*** Opening Stored data ***

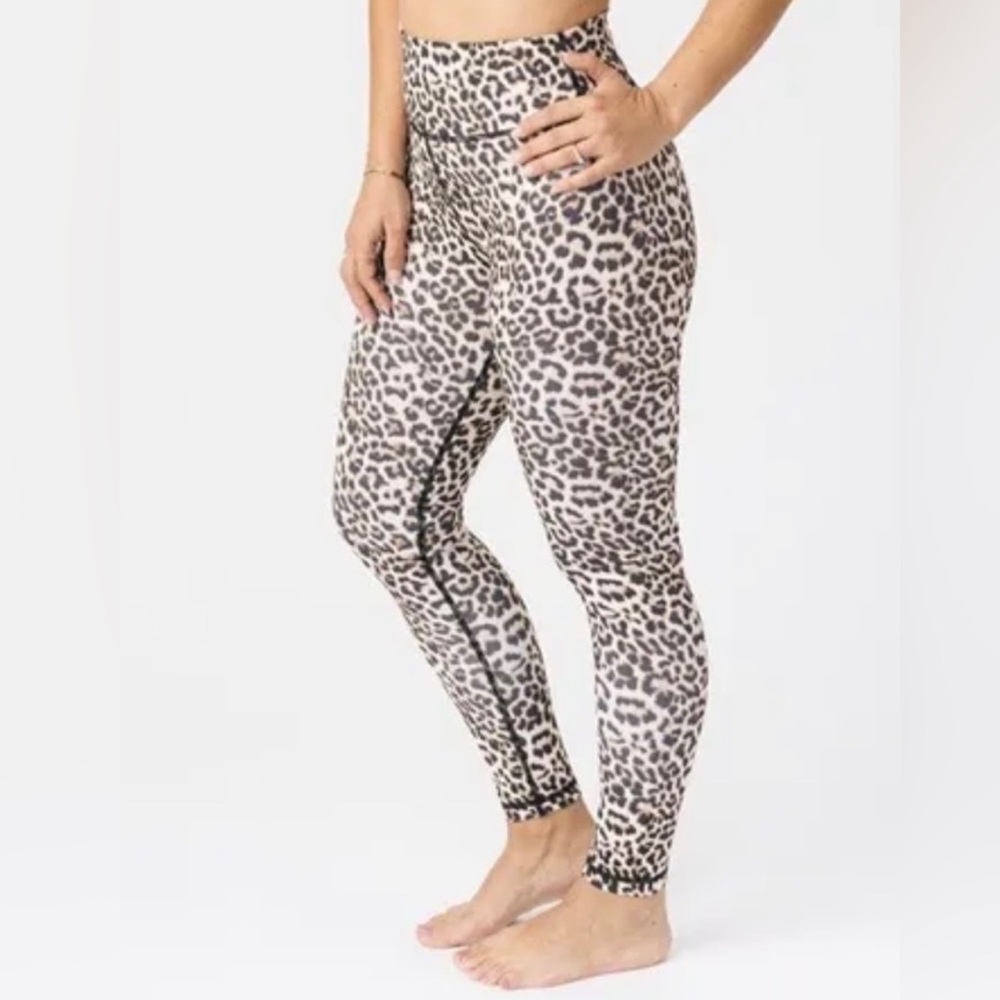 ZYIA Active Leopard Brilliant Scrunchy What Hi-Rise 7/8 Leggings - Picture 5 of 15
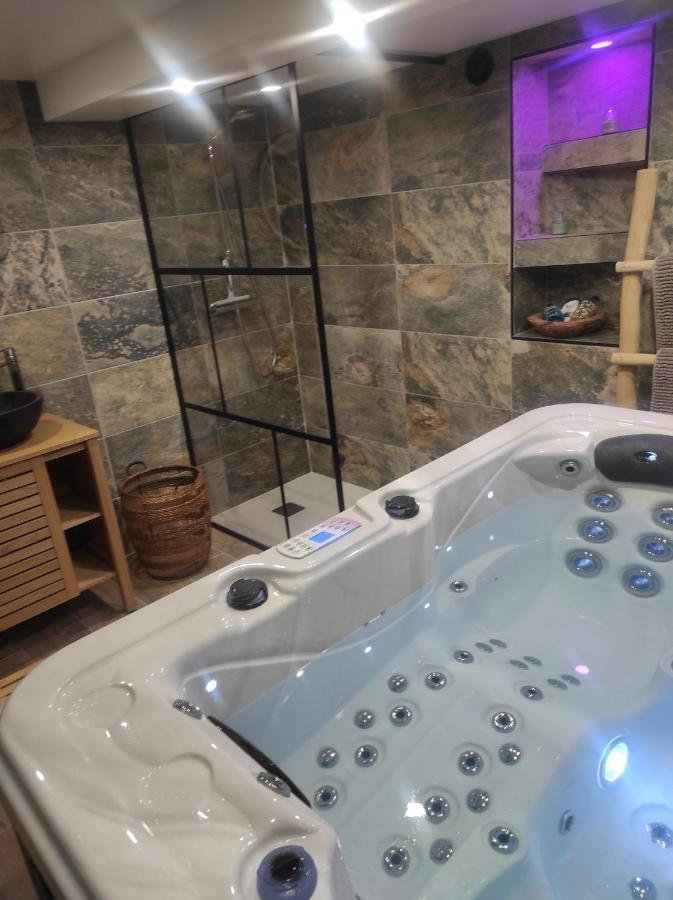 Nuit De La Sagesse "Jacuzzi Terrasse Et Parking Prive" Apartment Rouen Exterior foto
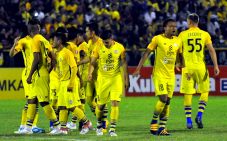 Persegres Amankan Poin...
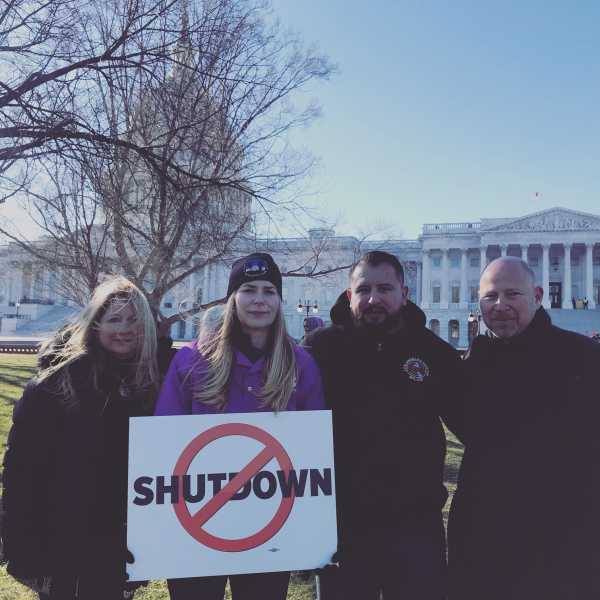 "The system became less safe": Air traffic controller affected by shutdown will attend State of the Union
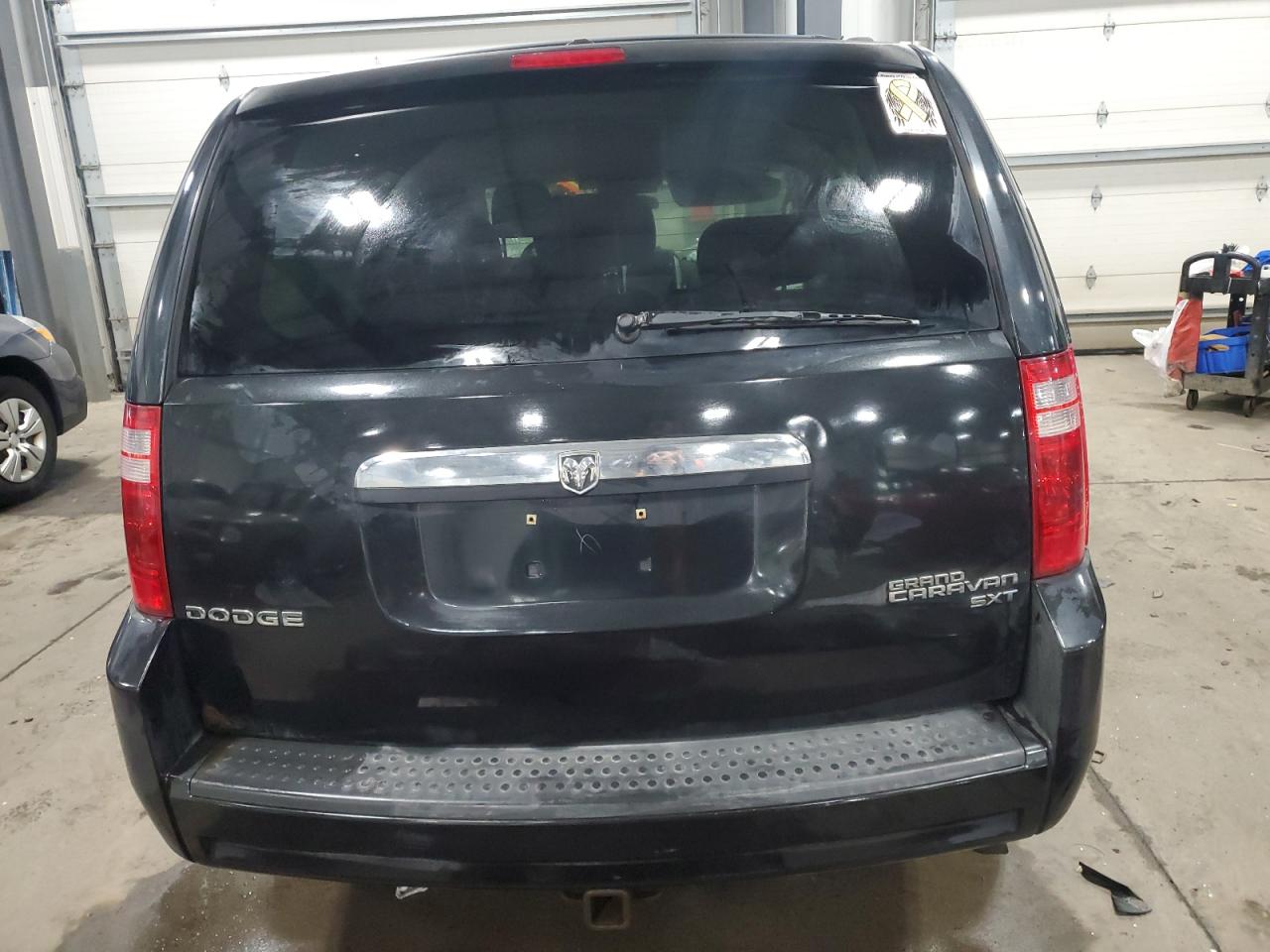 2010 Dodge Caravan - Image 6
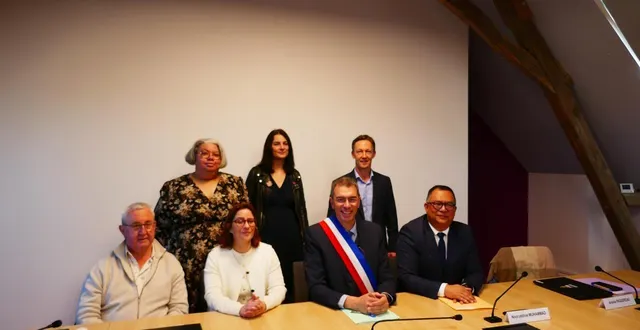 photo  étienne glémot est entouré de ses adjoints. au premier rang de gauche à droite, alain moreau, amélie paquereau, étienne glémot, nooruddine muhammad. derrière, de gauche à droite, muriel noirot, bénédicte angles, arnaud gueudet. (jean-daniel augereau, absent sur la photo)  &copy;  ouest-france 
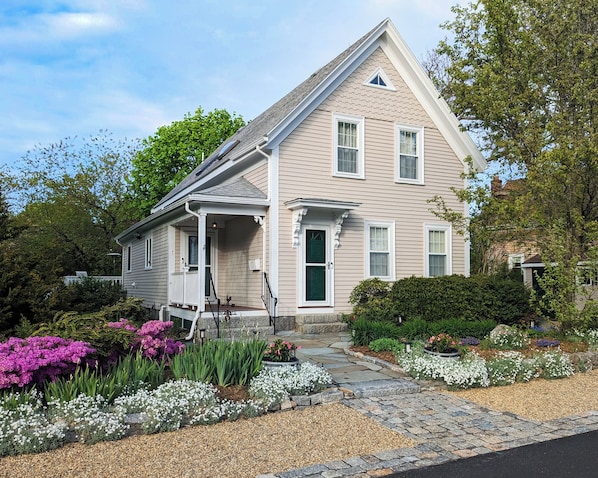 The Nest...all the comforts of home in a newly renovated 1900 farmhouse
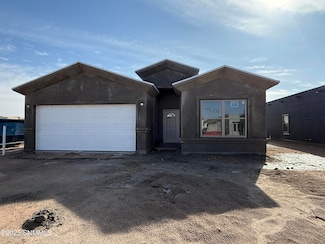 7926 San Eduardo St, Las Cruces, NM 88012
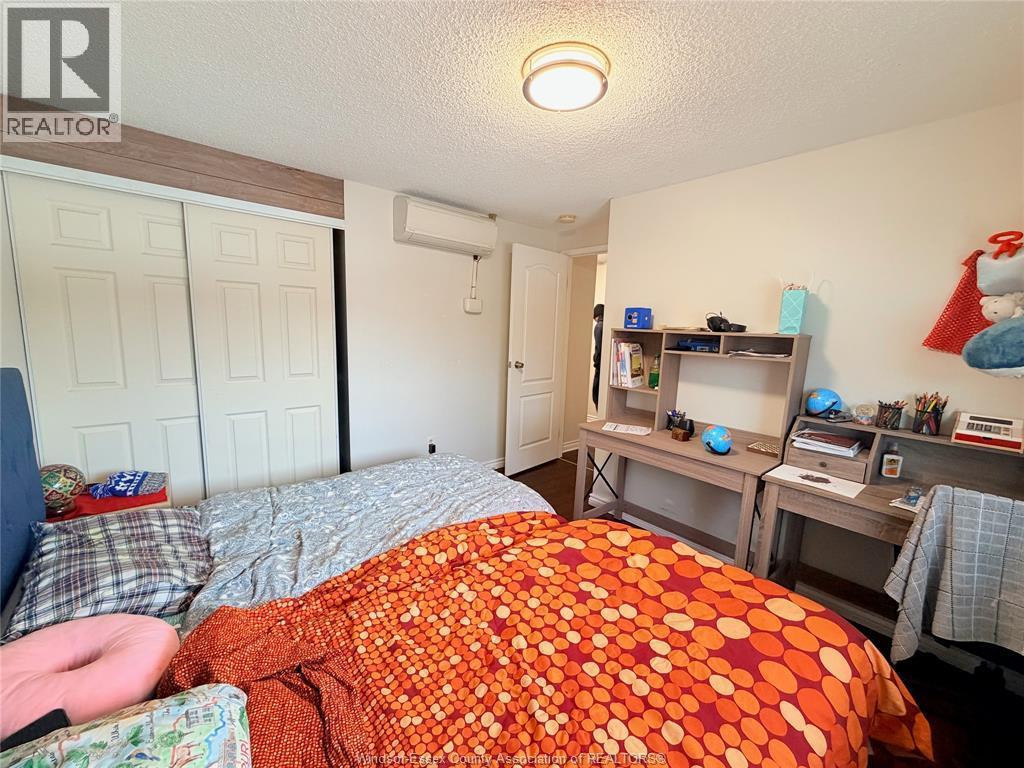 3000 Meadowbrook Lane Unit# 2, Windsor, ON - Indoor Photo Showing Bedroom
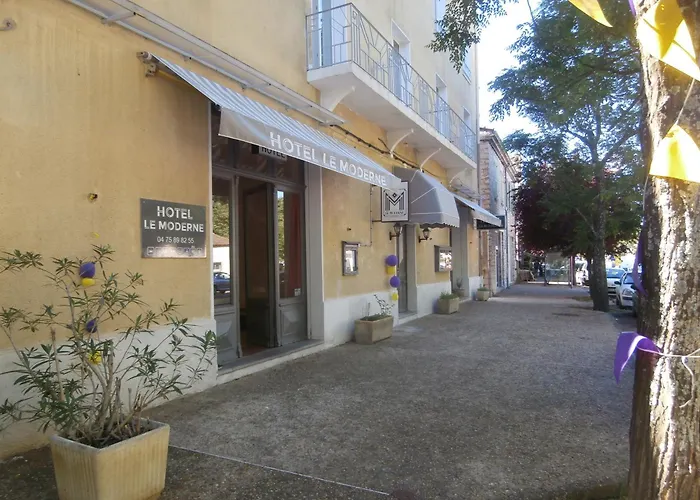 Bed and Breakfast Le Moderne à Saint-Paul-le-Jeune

*** Closing Stored data ***

-- Problem to solve --
Copy out the lines exactly as written, beginning with the one that contains "3000 Meadowbrook Lane" and ending with the last line of the material; do not include pictures.

-- Written reply --
 3000 Meadowbrook Lane Unit# 2, Windsor, ON - Indoor Photo Showing Bedroom
 Bed and Breakfast Le Moderne à Saint-Paul-le-Jeune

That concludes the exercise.